> _Work to be completed_
Please return the lines below verbatim, beginning at the one that has "An isomorphism between" and stopping after the one that has "Textured neutral dress", and add no other lines.

> _Material shown_
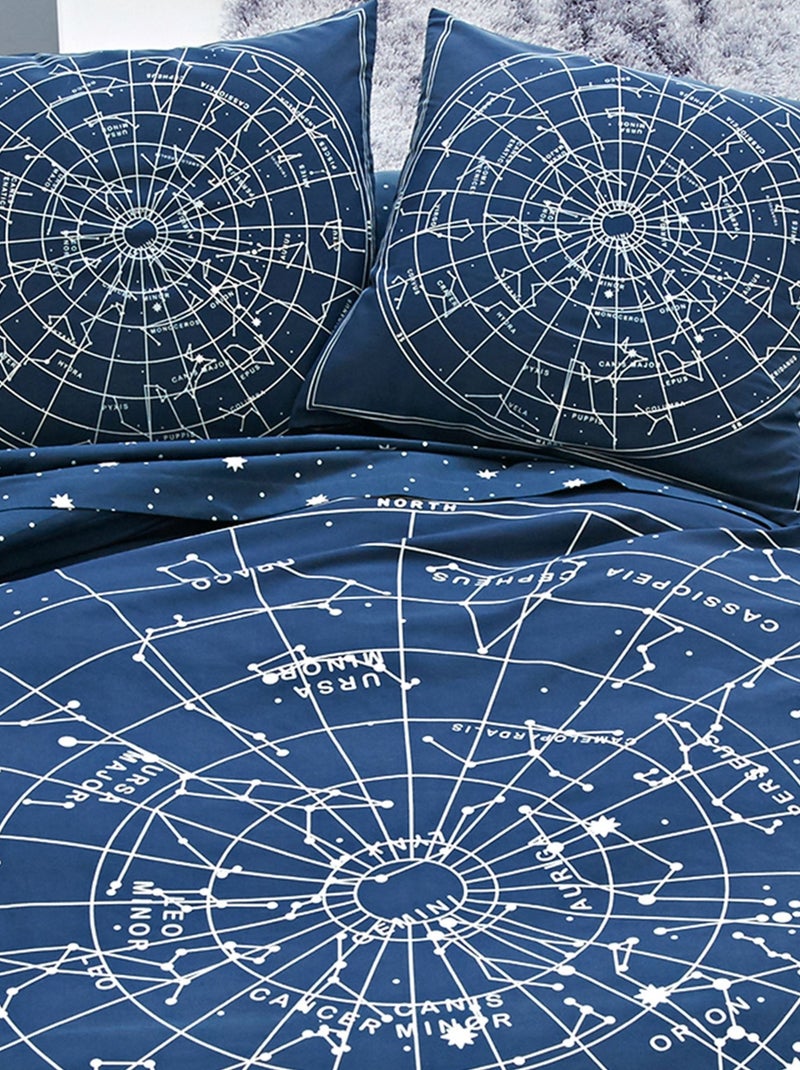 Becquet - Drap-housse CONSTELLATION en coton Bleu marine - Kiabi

---

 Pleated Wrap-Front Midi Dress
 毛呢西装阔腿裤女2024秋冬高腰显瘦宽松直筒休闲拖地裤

--

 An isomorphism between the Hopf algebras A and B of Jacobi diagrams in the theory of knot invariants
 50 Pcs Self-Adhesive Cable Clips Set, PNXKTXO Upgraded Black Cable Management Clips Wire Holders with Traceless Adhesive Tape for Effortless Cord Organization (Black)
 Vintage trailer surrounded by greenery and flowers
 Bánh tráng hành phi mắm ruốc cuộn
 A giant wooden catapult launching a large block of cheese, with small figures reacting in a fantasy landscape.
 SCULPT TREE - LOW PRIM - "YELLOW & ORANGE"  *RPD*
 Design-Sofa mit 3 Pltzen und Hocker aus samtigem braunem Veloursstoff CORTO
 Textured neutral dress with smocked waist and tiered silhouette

> _Finished exercise_
 An isomorphism between the Hopf algebras A and B of Jacobi diagrams in the theory of knot invariants
 50 Pcs Self-Adhesive Cable Clips Set, PNXKTXO Upgraded Black Cable Management Clips Wire Holders with Traceless Adhesive Tape for Effortless Cord Organization (Black)
 Vintage trailer surrounded by greenery and flowers
 Bánh tráng hành phi mắm ruốc cuộn
 A giant wooden catapult launching a large block of cheese, with small figures reacting in a fantasy landscape.
 SCULPT TREE - LOW PRIM - "YELLOW & ORANGE"  *RPD*
 Design-Sofa mit 3 Pltzen und Hocker aus samtigem braunem Veloursstoff CORTO
 Textured neutral dress with smocked waist and tiered silhouette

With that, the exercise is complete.